Source records ▸
-*-

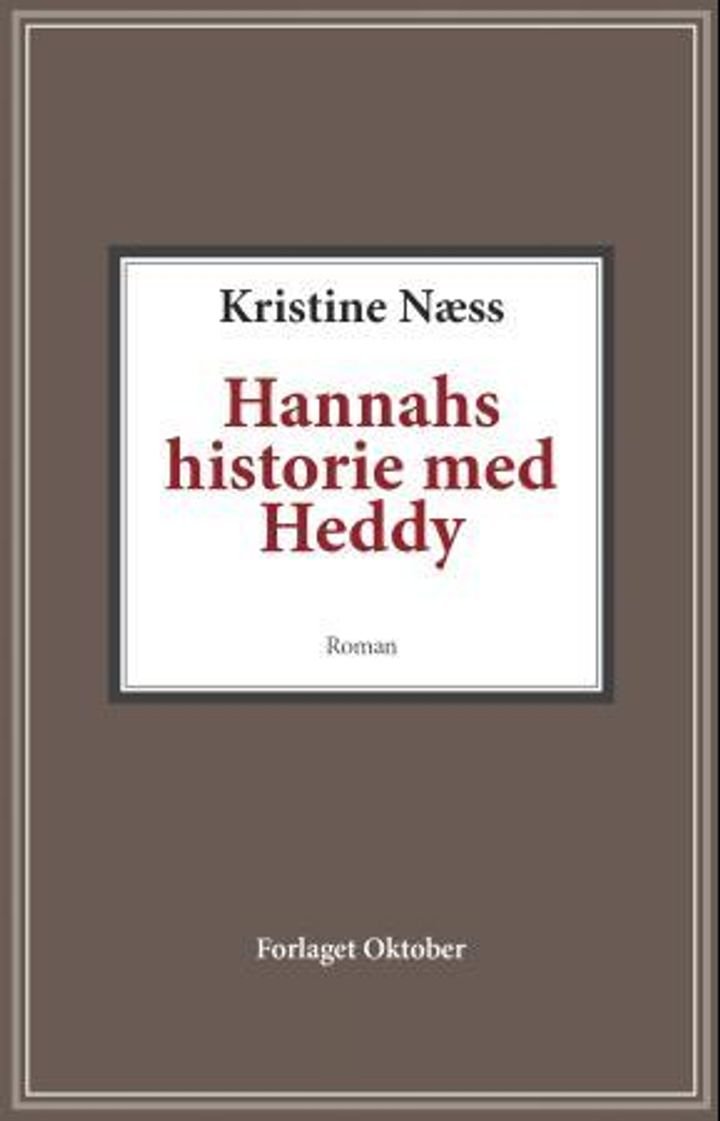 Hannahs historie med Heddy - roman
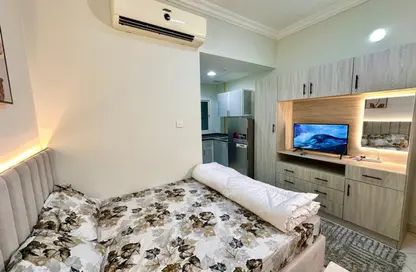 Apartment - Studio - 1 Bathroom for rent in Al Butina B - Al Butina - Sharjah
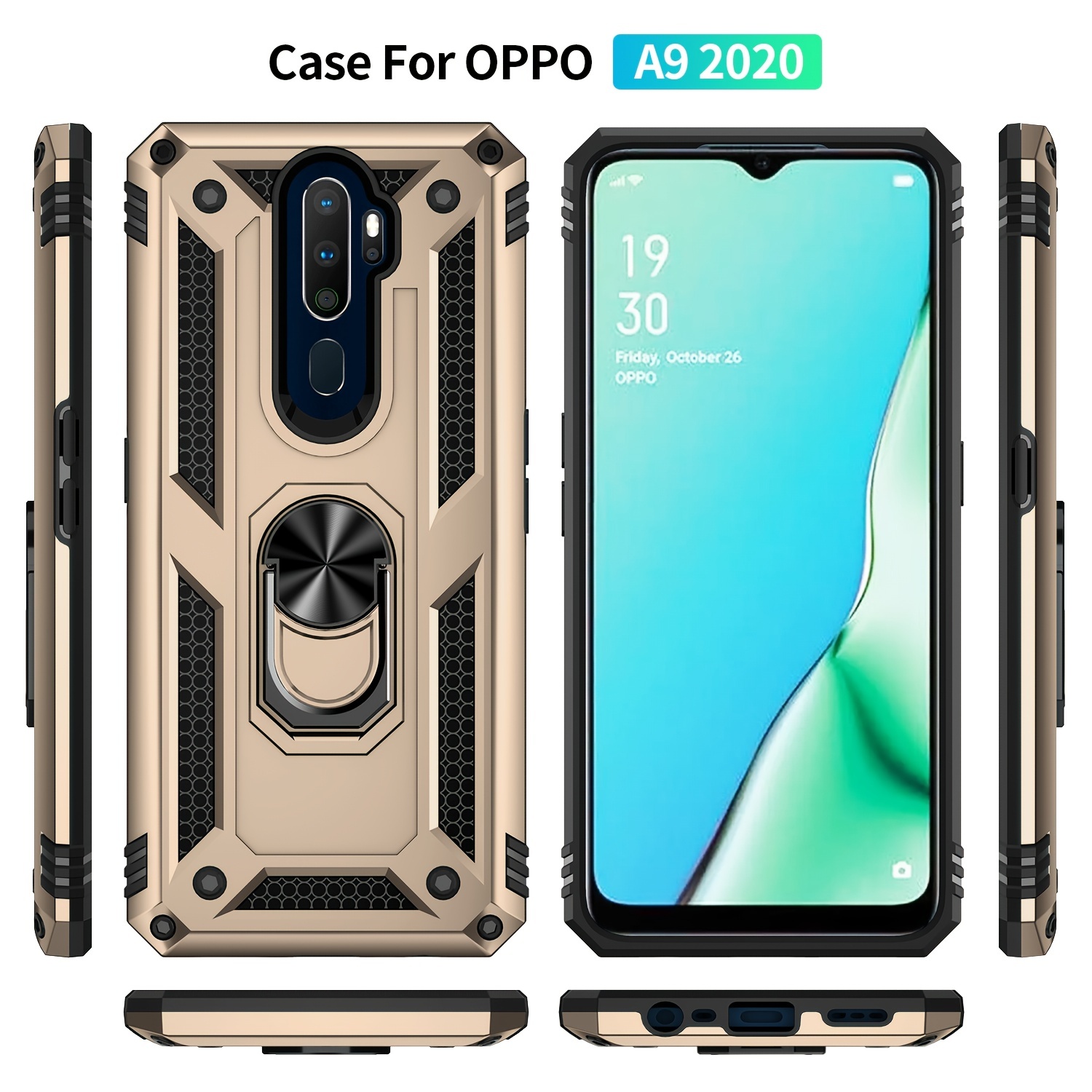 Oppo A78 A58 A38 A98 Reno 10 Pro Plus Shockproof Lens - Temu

-*-

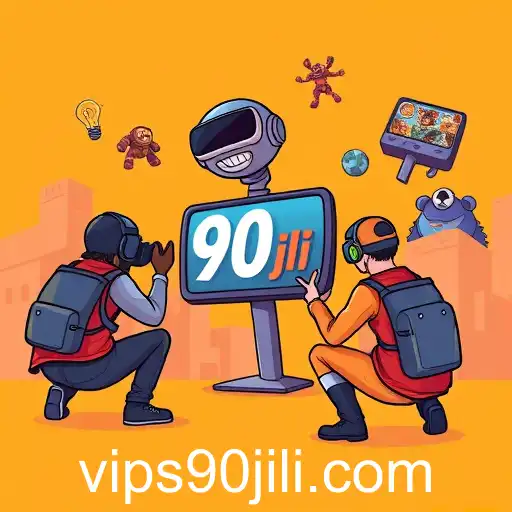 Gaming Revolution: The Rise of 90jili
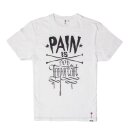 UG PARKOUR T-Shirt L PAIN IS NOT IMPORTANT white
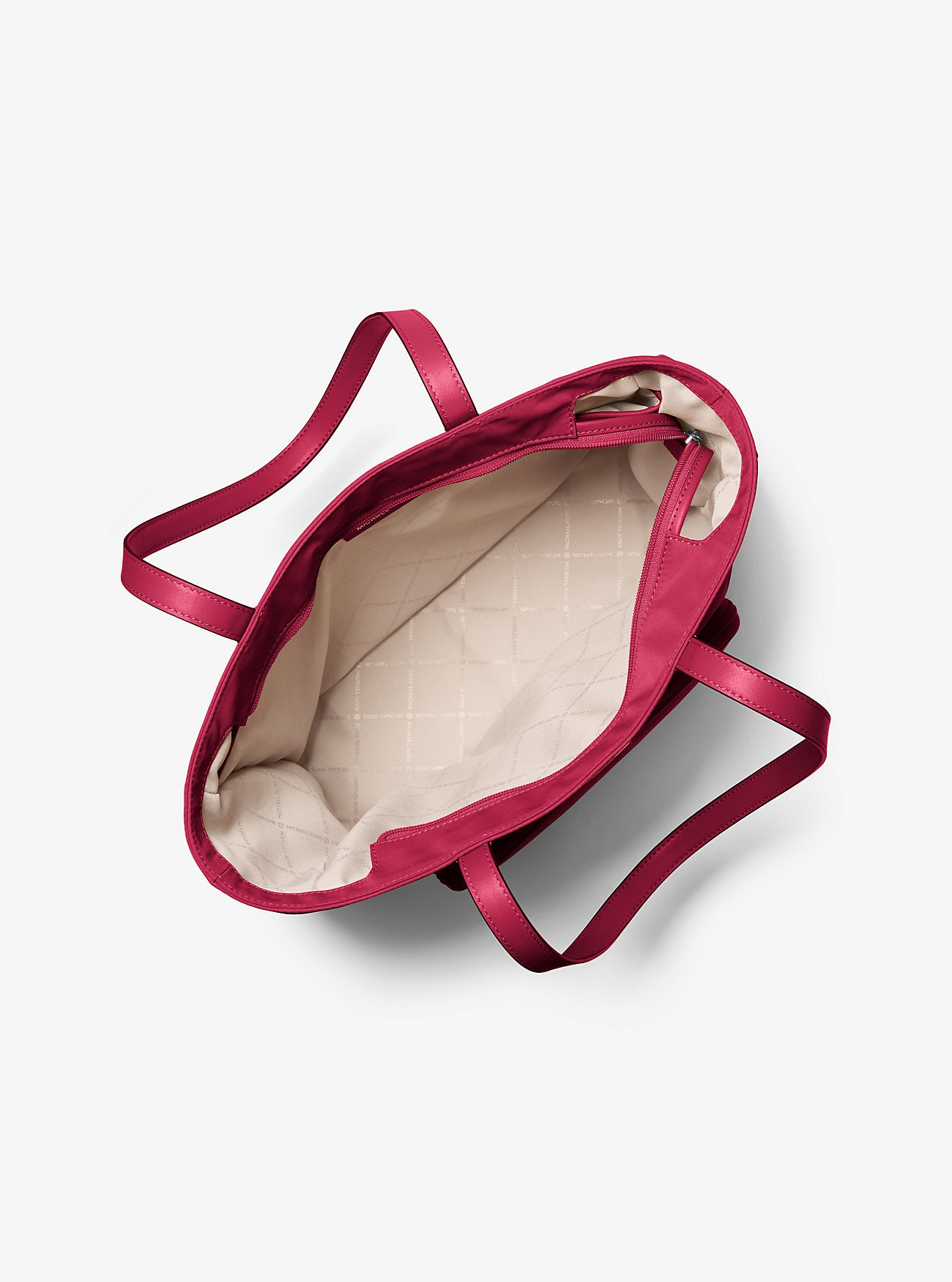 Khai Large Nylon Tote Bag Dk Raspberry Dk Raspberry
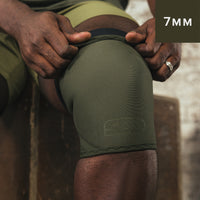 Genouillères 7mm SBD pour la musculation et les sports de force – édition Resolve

-*-

Task details ▸ In the records above, everything from the line with "Apartment - Studio" down to the line with "Oppo A78 A58" must be duplicated exactly, both lines kept. Leave no pictures in.

Solved exercise ▸
 Apartment - Studio - 1 Bathroom for rent in Al Butina B - Al Butina - Sharjah
 Oppo A78 A58 A38 A98 Reno 10 Pro Plus Shockproof Lens - Temu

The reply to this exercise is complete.